Newton's Method Root Finder
Find roots of equations using Newton's Method (Newton-Raphson).
Enter a function and starting guess to iteratively find where f(x) = 0.
What Is Newton’s Method? Newton’s Method (also called the Newton-Raphson method) is an iterative algorithm for finding roots of equations — values of x where f(x) = 0. It was described by Isaac Newton around 1669 in England and refined by Joseph Raphson in 1690.
The Formula Starting from an initial guess x_0, each iteration improves the estimate: x_(n+1) = x_n - f(x_n) / f’(x_n). This uses the function value and its derivative at the current point to find a better approximation.
Geometric Interpretation At each step, draw the tangent line to the curve at the current point. Where that tangent line crosses the x-axis is the next estimate.
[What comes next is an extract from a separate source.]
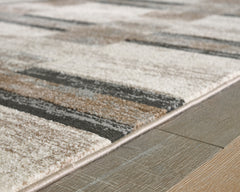 Neutral Block-Stripe Area Rug with Jute Backing, surface detail - 3
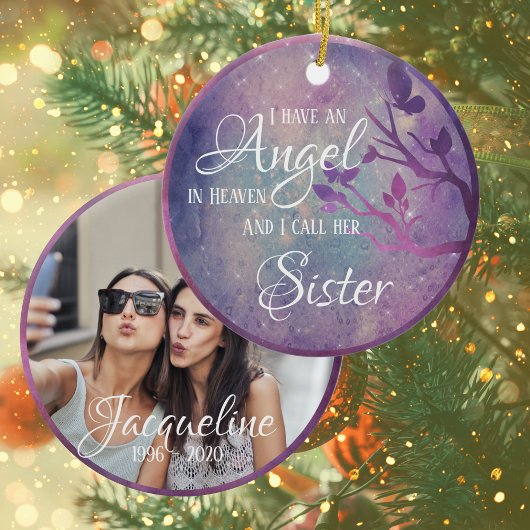 Paars en Roze Galaxy Gepersonaliseerde Memorial Ce Keramisch Ornament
The tangent line is a linear approximation of the curve, and each iteration refines this approximation.
Convergence Newton’s Method converges quadratically near a root — the number of correct digits roughly doubles with each iteration. Starting from a reasonable initial guess, the method typically finds 15+ digits of precision in 5-8 iterations. However, it can fail if the derivative is zero, if the initial guess is too far from the root, or if the function has discontinuities.
Built-In Functions This calculator supports common functions: polynomials (x^2, x^3), trigonometric (sin, cos, tan), exponential (exp, e^x), natural logarithm (ln), and square root (sqrt). The derivative is computed numerically using the central difference method.
Applications Newton’s Method is used everywhere in scientific computing: finding eigenvalues, solving nonlinear systems, optimizing functions, computing square roots, and inverting complicated functions. Most “solve” buttons in scientific calculators use a variant of this method.